Central High School Math Department Chairman Haviland Harper (230), with pictures of his daughter and his grandchildren, in the Math Department office.
By Yvonne Dennis (246)
Haviland Harper (230) didn’t know it at the time, but when he started teaching math at Vaux Junior High in North Philadelphia on Oct. 17, 1977, he was his class’ seventh teacher of the term.
For most kids, a 24-year-old, 6’7 man in a suit and tie would have cut an imposing figure. But not these kids.
“At the end of the day as I was giving a detention, those seventh and eighth graders, all of them, got up and rushed the door because I was in the front of the doors insisting that they were gonna stay,” Mr. Harper recalled. “They said no.”
Mr.
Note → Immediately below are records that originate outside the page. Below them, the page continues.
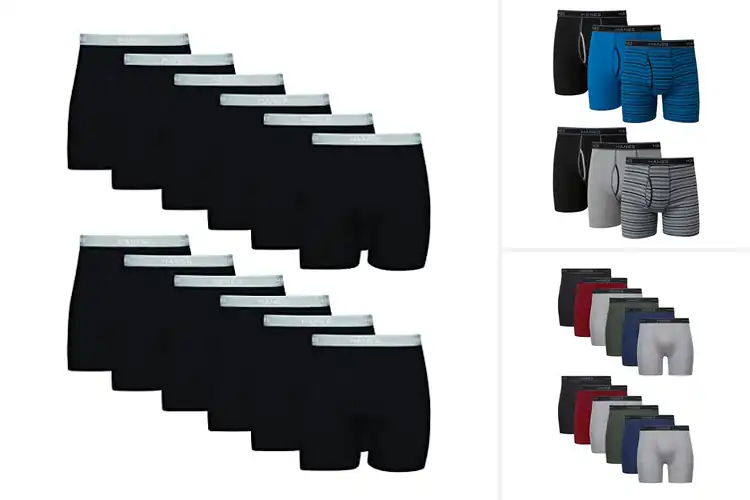 Detailed view of Best Large Boxer Briefs for All‑Day Comfort & Support
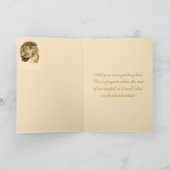 ヴィンテージレディビクトリアンーバラマザーズ・デイ・カード カード (内部)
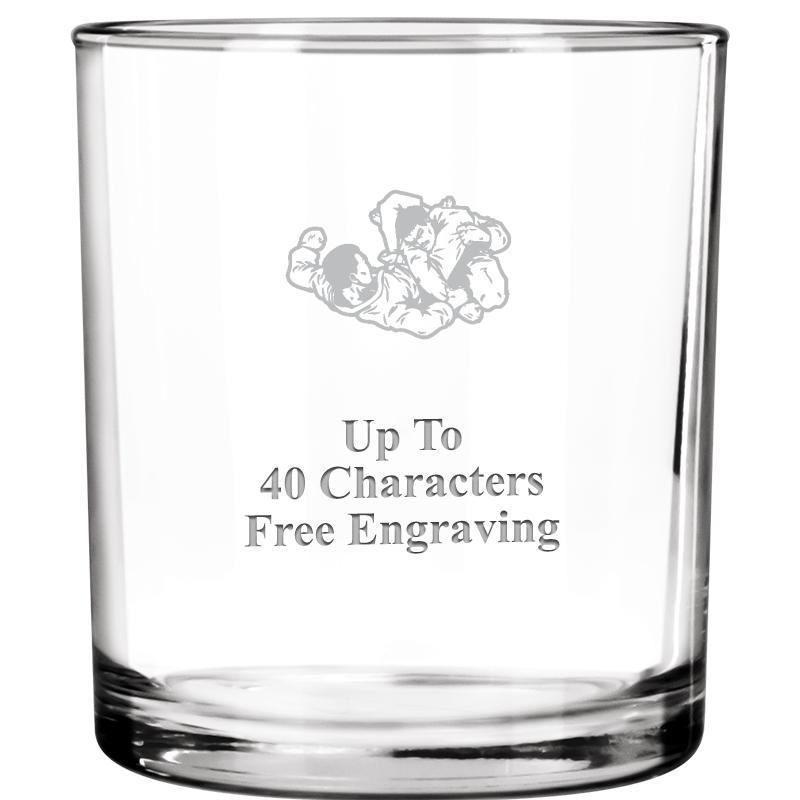 10.6oz AMARILLO ROCKS GLASS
Harper physically restrained them–you could do that back then–and he took the shock of that encounter to heart. His approach the next day and the 38 years he has been teaching since was to teach with their worlds at the forefront, not his own.
On Oct. 18 he came to school dressed in jeans and sneakers. And realizing that the students weren’t anywhere near a seventh-grade skill level, he watered-down the lesson plan.
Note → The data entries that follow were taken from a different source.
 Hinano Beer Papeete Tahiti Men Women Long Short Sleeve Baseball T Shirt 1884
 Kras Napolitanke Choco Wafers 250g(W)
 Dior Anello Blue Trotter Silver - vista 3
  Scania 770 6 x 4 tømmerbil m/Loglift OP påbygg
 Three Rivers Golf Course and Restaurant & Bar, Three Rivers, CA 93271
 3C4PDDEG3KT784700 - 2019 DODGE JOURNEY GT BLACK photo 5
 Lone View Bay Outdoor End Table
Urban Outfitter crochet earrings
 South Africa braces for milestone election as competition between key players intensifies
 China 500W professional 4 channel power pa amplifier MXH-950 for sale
Soon the students were picking up on the work, but behavior was still a problem. Mr. Harper had to get physical with a student, whose full-name he still remembers. He decided to go see the young man’s mother across the street in the projects where the family lived.
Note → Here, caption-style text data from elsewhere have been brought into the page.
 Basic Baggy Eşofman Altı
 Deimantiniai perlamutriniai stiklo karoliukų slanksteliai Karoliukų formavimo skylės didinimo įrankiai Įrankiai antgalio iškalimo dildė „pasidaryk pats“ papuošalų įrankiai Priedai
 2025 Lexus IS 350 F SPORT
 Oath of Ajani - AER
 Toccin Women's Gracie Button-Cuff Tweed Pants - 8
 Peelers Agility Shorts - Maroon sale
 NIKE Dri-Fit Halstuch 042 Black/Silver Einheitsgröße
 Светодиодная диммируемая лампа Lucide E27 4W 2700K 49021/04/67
“I had never been in a project before,” Mr. Harper said. “And he told me no teacher goes to the projects. We don’t allow that.”
Well Haviland Harper didn’t earn his way into the George Washington University basketball record books by being passive. He climbed the 24 flights of dirty, pungent stairs–the elevator was broken–to the family’s place and met with the student’s mother.
Image from George Washington University’s 100 Players, 100 Days Countdown to GW Men’s Basketball’s 100th Season in 2013.
“She was in a two-bedroom apartment, five kids,” he remembered. “I understood what was going on, so my heart changed because I began to see his story. She was glad I came. I was glad I came.”
Mr. Harper turned to a career in teaching when, after standout basketball play as a forward at Central and GWU, he got injured.
“I wanted to coach and in order to coach you had to teach.” So he got his master’s degree and teaching certification at Temple University. He also got his principal’s certification in case he ever wanted to become a principal. (He tried assistant principaling for two months later in his career and didn’t like it).
After a few weeks at Vaux, his standing on the students’ respect meter rose even more when basketball season started.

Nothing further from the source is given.